石磙
文/刘德庆
在我老家的胡同口,常年静卧着一个石磙,从我记事起,它已经在那里了,据四爷爷仲文公说,垒完院墙搁那里的,也不知有多少年了。
它浑圆中还带有棱角的身躯,饱经沧桑;粗糙的灰红色表面,起伏不平,彰显着它经历的岁月;质地坚硬的材质,应有几百斤吧?说起来它已经不是完整的石磙了,它的一头少了一个大大的角,呈现出残缺的形状,仿佛诉说着它坎坷的不平凡的一生。
在农村,石磙的主要用途,就是夏季麦子收割回家后,滚场轧麦子了,它是使麦粒与麦穗分离的有效工具。石磙是当年卖场里的主角,它上场工作时的程序还很隆重,首先得给它安装上磙架子。石磙架子,多用木头做成,取四块宽厚的木头,一米左右,搭置成四方形,恰好套在石磙上。石磙的两头,中间都有凿好的石眼,再用两个铁棍,固定在石磙与架子之间,这样第一项工作就完成了。然后,在石磙的前方套上两个牲畜,就可以在麦场里反复转圈碾压麦子了。
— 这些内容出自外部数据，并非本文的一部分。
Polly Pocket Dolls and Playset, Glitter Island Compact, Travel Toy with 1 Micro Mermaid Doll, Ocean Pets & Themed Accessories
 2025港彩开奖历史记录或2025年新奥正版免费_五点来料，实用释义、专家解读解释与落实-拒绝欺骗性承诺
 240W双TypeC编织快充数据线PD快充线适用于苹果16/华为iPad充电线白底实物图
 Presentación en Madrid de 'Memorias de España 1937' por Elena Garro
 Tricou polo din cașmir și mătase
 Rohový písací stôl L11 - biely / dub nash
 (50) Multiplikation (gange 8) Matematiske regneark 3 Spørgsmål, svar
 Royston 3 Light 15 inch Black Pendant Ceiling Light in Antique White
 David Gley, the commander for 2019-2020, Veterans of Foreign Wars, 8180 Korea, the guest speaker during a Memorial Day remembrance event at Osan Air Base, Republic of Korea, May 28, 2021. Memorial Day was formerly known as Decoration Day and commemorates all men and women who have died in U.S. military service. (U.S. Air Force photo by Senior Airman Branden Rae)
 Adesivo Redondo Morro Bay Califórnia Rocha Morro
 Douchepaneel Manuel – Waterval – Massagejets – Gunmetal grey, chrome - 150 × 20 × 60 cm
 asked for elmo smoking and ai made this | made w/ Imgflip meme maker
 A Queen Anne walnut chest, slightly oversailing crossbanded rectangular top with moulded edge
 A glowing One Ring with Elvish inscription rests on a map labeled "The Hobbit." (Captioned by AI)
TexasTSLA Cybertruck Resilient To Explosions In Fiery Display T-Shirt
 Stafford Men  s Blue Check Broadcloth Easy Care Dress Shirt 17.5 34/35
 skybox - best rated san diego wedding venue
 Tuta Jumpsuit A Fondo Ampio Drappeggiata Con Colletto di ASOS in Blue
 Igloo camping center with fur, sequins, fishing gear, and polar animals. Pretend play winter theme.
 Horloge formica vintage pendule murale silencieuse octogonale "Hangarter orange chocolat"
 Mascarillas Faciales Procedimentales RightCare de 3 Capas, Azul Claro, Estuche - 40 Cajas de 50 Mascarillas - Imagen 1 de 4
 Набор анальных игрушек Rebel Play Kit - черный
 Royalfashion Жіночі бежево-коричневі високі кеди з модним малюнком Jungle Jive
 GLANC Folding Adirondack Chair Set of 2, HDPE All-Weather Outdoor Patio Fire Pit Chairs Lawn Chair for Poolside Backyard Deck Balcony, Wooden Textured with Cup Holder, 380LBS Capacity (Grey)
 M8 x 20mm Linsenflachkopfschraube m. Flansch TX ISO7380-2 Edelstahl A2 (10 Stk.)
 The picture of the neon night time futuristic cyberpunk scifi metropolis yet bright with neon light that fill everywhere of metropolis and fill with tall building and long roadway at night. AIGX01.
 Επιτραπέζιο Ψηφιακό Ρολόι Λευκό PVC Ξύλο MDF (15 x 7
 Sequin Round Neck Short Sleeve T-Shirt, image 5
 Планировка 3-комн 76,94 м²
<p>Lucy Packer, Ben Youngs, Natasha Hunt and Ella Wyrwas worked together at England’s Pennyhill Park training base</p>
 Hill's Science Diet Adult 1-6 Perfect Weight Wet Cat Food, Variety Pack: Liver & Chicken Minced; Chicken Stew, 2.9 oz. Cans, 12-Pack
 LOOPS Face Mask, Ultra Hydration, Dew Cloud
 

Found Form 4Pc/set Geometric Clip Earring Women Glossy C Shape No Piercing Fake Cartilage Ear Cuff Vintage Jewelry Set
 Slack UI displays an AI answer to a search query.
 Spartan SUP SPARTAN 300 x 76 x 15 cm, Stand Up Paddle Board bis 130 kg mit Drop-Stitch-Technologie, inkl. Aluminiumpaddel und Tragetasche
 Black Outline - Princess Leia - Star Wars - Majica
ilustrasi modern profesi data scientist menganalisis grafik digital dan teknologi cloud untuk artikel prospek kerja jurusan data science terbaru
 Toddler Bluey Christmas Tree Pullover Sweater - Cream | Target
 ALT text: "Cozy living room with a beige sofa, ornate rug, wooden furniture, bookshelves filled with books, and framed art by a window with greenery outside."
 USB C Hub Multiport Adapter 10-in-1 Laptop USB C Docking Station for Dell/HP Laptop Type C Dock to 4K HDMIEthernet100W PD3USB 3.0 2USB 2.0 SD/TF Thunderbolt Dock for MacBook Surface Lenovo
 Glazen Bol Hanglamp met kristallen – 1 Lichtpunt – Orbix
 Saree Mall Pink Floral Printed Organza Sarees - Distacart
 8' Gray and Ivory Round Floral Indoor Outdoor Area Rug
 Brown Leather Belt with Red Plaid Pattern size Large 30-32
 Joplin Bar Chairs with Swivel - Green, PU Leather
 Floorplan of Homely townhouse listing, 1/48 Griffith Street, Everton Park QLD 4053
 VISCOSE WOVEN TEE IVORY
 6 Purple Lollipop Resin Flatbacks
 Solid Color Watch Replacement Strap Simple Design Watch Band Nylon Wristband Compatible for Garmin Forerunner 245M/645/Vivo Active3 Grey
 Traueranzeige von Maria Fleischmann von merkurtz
这时的石磙在牲畜的牵引下,飞速转动,跳跃前行,为人们跳着丰收的舞蹈;它还不时的发出“吱吱咯咯”的响声,那是石磙与架子摩擦发出的声音,也似乎是唱起的一首首劳动的赞歌。这时的麦粒不堪忍受石磙一遍一遍的折磨,纷纷自动脱离麦穗,等待颗粒归仓了。这是一年当中石磙最风光时候,这个时候,全村的石磙都滚动起来,比赛着,起劲的为人们奉献着自己的能量。
我家的这个石磙不知是在什么时候受到了重创,造成了它不完整的身躯,已经不能冲锋陷阵,驰骋麦场了。在完成它光荣的使命后,只能抱憾离岗退休了。
它静静的卧在我的胡同口,看着川流不息的人们,黑头发离去了,白头发回来了;它看着牙牙学语的小孩子,转眼间已长大成人了;它看着村子里泥土路,不知不觉变成柏油路了,每条胡同道也全部硬化了;低矮的破烂不堪的老屋,也在各种机械的轰鸣声中换成高高的楼房了。
它静静地卧在那里,小孩子有时在它身上爬来爬去,跳上跳下;有时还在它的身后,玩起了捉迷藏的游戏;下学早了,开不了大门,有的孩子干脆用它当起了书桌,写起了作业;还有人曾站在它的身上眺望着远方,等待尚未回家的亲人;“嚓嚓,嚓嚓……”这是收工的乡亲在它身上打磨劳动工具的声音,那些用钝了的铁锨,用折了的镢头,放锈了的镰刀经过它的加工,会更加顺手好使;夕阳西下,劳累了一天的人们,走到它的跟前,会顺势坐在它的身上,聊着天,说着笑,享受着一天中惬意的时光;小狗子在它身旁走过来,还不忘蹭一蹭满是泥土身子,找一找被按摩的感觉……
它静静地卧在那里,春天来了,一阵风过,大地送它一身土;夏天到了,天空倾斜下一场场大雨,又为它洗净污浊的身子;秋天一身泥巴,似乎为它扮起了彩妆;冬天飘舞的雪花,好像给它戴起了高高的帽子,穿上了厚厚的白色棉衣。
石磙啊,它静静地卧在那里,丑陋不堪,不曾介意人们已把它忘记,但它却是蓦然回眸时,一段难忘的青涩岁月,也曾是怀念故土时,一些尘封已久的记忆,更是深埋心底的,一丝挥不去的,抹不去的缕缕乡愁。